Financial Aid
Our goal is to offer every student full tuition—a goal we usually achieve, often with a bit more in cash. We do this through a mixture of stipends, scholarships, awards, and grants—The Deutsch Fellowship, The Leslie Epstein Fellowship, The George Starbuck Fellowship, The Betsy Leonard Fellowship, The Saul Bellow Award and a number of prizes. Outstanding African-American writers who are U. S. citizens may wish to apply for a Martin Luther King Fellowship, which offers full tuition and a generous additional stipend. Generally, everyone who wishes to teach will receive a Teaching Fellowship, in return for which the Fellow will teach an undergraduate workshop (limited to fifteen students) in creative writing for a single semester. Each year four of our Teaching Fellows may teach for a semester at the Boston Arts Academy—a Boston public pilot high school for painters , musicians, dancers, actors, composers, choreographers (think “Fame!”). For the right kind of person, this is an extraordinarily rewarding experience and a wonderful way to connect one’s own life to the community that surrounds us.
In the semester that one teaches, one usually takes only the two workshops. Thus a very common year would look like this: four courses (the two workshops and two scholarly courses) in the fall, and the two workshops and the teaching in the spring (or vice versa), and then two summer courses—which are half price—in June or July. The most expensive way to attend our program is to elect not to teach and to take all eight courses by the first week in May. The least expensive way is to take the two summer courses and then transfer in two graduate courses from another university—courses that are literary in nature and that, naturally, have not been already used to earn credits for a different degree. The middle way—six courses during the academic year and two the following summer—is that chosen by the great majority of our students.
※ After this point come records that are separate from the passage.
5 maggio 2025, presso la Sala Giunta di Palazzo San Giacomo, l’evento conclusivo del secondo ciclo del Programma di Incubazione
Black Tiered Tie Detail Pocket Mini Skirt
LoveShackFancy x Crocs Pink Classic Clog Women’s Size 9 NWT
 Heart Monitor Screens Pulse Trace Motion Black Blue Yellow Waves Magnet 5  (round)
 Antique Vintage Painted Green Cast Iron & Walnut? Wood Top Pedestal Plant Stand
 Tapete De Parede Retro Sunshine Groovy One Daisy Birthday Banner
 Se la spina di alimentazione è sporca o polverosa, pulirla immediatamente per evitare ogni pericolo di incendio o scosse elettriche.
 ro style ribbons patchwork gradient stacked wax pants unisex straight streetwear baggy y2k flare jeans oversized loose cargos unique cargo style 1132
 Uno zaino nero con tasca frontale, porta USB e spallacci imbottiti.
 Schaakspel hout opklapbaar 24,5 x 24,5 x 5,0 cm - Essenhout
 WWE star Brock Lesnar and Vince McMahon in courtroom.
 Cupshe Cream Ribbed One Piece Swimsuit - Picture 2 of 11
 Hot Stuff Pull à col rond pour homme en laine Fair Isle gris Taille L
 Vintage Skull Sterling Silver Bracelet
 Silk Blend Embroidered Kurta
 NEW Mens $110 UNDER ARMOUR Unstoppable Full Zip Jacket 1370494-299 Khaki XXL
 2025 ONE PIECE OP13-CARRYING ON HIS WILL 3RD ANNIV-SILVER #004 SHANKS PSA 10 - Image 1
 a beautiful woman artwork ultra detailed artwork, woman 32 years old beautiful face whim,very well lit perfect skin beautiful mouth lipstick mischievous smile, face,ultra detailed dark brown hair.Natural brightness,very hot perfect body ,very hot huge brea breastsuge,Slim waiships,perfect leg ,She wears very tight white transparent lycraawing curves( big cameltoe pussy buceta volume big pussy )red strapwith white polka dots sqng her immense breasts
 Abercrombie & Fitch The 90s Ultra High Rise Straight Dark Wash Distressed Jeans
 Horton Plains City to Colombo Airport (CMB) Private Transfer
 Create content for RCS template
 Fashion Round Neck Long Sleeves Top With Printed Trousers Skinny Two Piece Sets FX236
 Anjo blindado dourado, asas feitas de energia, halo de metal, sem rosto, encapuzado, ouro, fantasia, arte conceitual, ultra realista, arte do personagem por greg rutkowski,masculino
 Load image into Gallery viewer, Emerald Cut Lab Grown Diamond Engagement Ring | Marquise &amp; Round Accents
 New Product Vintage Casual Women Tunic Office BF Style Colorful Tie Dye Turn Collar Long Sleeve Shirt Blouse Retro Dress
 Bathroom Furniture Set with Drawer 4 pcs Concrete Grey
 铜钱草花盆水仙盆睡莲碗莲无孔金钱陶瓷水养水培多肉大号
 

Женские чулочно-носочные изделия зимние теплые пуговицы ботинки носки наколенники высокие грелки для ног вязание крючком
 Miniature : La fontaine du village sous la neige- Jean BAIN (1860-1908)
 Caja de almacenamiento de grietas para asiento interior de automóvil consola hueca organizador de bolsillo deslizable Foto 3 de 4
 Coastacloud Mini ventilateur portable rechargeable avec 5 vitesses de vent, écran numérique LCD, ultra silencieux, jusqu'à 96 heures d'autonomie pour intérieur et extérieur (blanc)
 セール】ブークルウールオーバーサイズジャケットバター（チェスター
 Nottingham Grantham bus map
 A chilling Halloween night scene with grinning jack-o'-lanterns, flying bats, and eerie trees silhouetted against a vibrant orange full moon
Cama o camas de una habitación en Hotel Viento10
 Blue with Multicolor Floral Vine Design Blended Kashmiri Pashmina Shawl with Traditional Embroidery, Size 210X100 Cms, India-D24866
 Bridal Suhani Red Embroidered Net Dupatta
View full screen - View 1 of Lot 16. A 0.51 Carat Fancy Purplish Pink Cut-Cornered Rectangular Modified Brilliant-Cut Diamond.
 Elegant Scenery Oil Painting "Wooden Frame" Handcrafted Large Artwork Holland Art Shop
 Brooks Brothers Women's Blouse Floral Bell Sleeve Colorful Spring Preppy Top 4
Remember: no matter which path you follow, we will endeavor to have all of your tuition paid for by the time you reach the end of it. Indeed, a number of our students, especially those who take two summer courses and transfer in two others, will find themselves with a good deal of cash for living expenses and one wild party.
Everyone who applies will be automatically considered for financial aid, save for those who check the box saying they do not need it. Those wishing to apply for the Martin Luther King Fellowship must do so by February 1st.
Please bear in mind that those who receive Global Fellowships after completing their degree—and almost all those who apply are granted such fellowships—are in essence being awarded some eight-to-ten thousand dollars in addition to their original aid package. You may read more about the Global Fellowships elsewhere on our web site—oh, I might as well say this much here: a most generous donor has made it possible for us to allow almost all of our students the opportunity to travel wherever they want to do whatever they want for up to three months after graduating from our program. Iran! Nepal! Greenland! Cape Horn! Peru! That’s where our students have gone in the last two years—while others have sat around in Parisian cafes pretending to drink absinthe. Bon voyage to all!